* **WORK TASK**:
Please output the line that contains "Avengers Canvas Print" and all later lines of the material, exactly, through the end.

* **SUPPLIED MATERIAL**:
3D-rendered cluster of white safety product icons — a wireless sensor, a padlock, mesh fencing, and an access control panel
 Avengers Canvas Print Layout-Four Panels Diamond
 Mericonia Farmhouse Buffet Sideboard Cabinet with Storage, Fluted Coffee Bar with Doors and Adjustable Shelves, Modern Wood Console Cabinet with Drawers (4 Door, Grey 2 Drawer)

* **ANSWER BOX**:
 Avengers Canvas Print Layout-Four Panels Diamond
 Mericonia Farmhouse Buffet Sideboard Cabinet with Storage, Fluted Coffee Bar with Doors and Adjustable Shelves, Modern Wood Console Cabinet with Drawers (4 Door, Grey 2 Drawer)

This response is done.